Regarding insomnia or non-restorative sleep, I have treatment resistant bipolar+C-PTSD. Without 5 or 6 hours of sleep, every night, I'm not functional and I don't function all that well, anyway. When I have two or three bad nights, I become unstable and frighteningly close to the edge. I can't re-frame my sleep deprivation into something positive. Every psychiatrist I've seen, including my current doctor, keeps trying to find something that will give me fairly consistent sleep.
I find 'healed' and 'recovery' interesting terms. Actually, I think part of my real recovery was coming to the realisation that I would never be totally 'healed' or completely 'recover'. I used to think when I first started therapy many moons ago that if I just worked really hard, eventually I'd be cured. It took me a couple of years to realise this wasn't the case, it wasn't about cure but lessening the effects, developing better coping skills and reframing ingrained thought patterns. I had the emergence of memories of a second trauma about two years into dealing with the first lot and although not as horrific as the first, I definitely sprang back a lot faster.

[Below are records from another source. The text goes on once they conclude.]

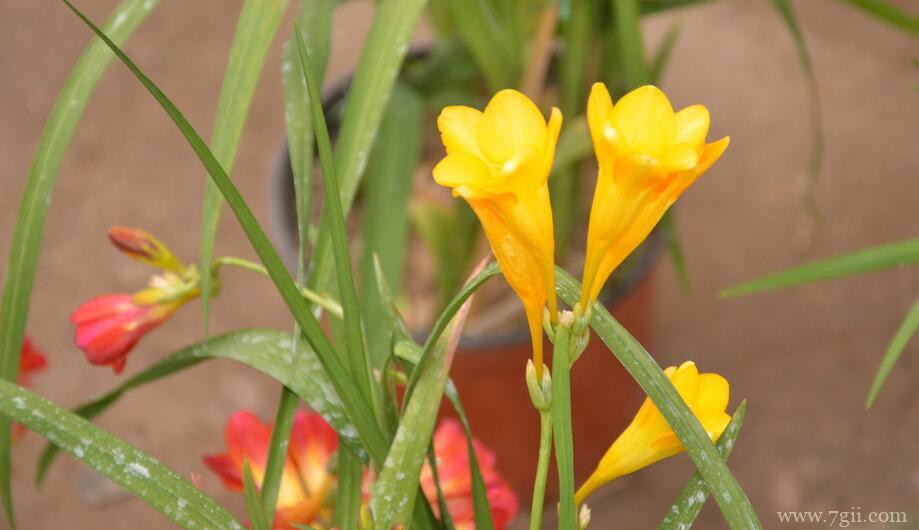 小苍兰怎么种植？小苍兰的种植时间和方法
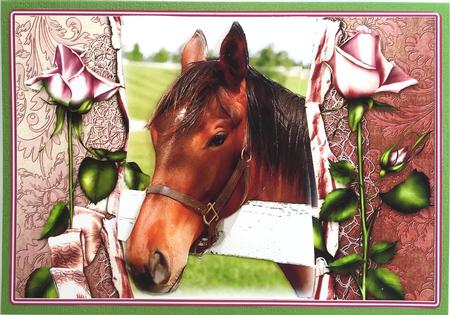 Horse Portrait by Elena Pavlova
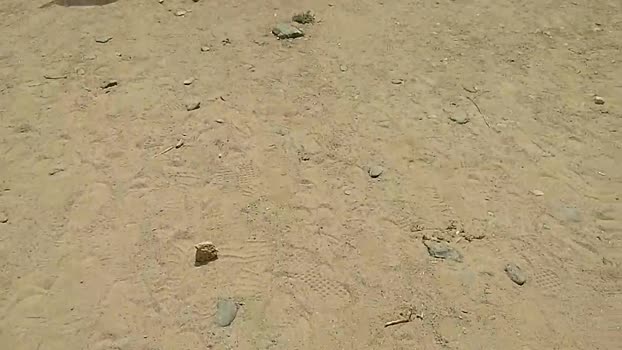 Pabloysebas  24-08-2023 Recorded Video fingers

I think having laid that ground work around thoughts, skills and awareness leads to better coping. After about 8 to 9 years of therapy, off and on in the last years, I no longer see one as I am healed to the point where I think I'm going to get (my dissociation does interfere with some of therapy). I experience triggers most days but some have small impact and then there are normally a few times during the year where it hits harder and I need all my strategies. Sometimes I will have to have a day off work to reset, sometimes I use medication to reset the stress quicker... but the impact is far far less than it once was. And independently I continue to do what I've learnt, slowly chipping away at poor thinking patterns or avoidances.

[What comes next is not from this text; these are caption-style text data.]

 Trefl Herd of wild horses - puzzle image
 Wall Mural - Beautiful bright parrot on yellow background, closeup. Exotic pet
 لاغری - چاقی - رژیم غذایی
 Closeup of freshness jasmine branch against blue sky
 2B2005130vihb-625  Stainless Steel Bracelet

So I guess, my perspective is to keep working at it slowly and celebrate how far you've come but don't aim for the ultimate 'recovered' because it could be like looking for a unicorn. I think perhaps what 'recovered' looks like is different for different people.

Yeah, being healed-been there with that thinking......."fix me syndrome"....if I'm broken, time to get fixed. But since there was no baseline for what was normal, that was kinda ridiculous......so the journey thing.....everyone on Earth is on a journey...some more aware than others.....some thinking they need to improve in areas....other's thinking they are perfect but screwed up. So, since we are always changing, there is no endpoint...no A+ personality......no end to our personal metamorphosis.....but getting basic coping skills working well and living a kind contented life....a good goal.
 
It's taken about 2 years with a year and a half of it being in therapy. I think once you've gotten enough professional help to not obsess over trauma much of it is removing it from your identity and figuring out who you are. Recovery is definitely possible though but it's a process.

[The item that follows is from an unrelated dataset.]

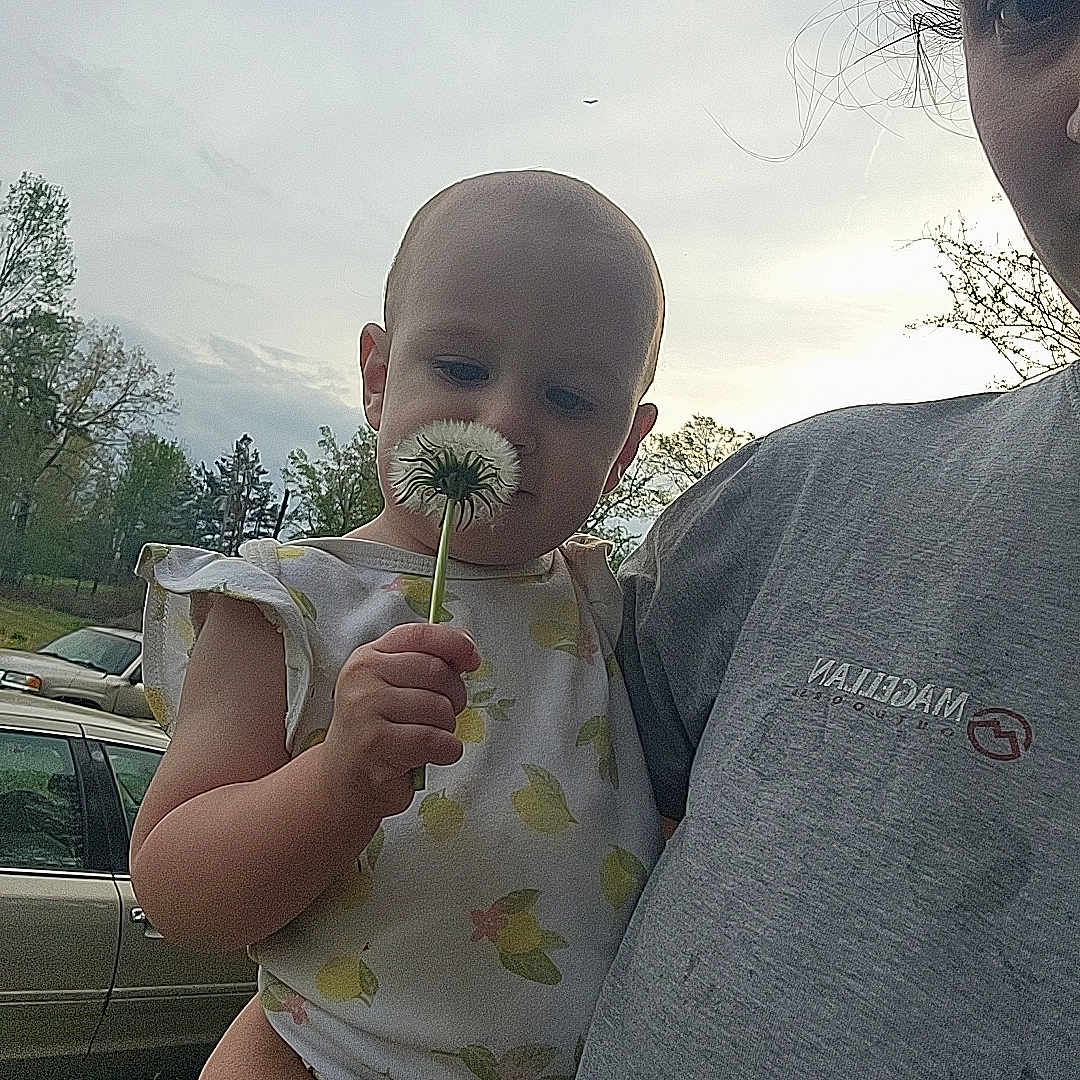 Violet is registered to the contest to win money with this photo: toddler, child, adult, flower, dandelion, outdoor, nature, trees, car, sky, cloudy, person, holding, curious, greenery, shirt, short_sleeves, daylight, portrait, closeup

I don't hardly have flashbacks anymore but every once in awhile I get blasted by one out of nowhere. I just use the tools the therapist taught me now. Sometimes it takes a little while for symptoms to recede. I just went off Lexapro after being on it for 8 months and I've been fine.
You're still going to have bad days. I still have a ton of issues with intimacy. It's not perfect but I'm generally happy and know I'm in control of my life now.
 
Just a word of thanks to the OP for starting this thread and to everyone who responded. I've been in a valley, and your shared experiences have provided a bit of needed perspective and put the word "maybe" back into my thought vocabulary.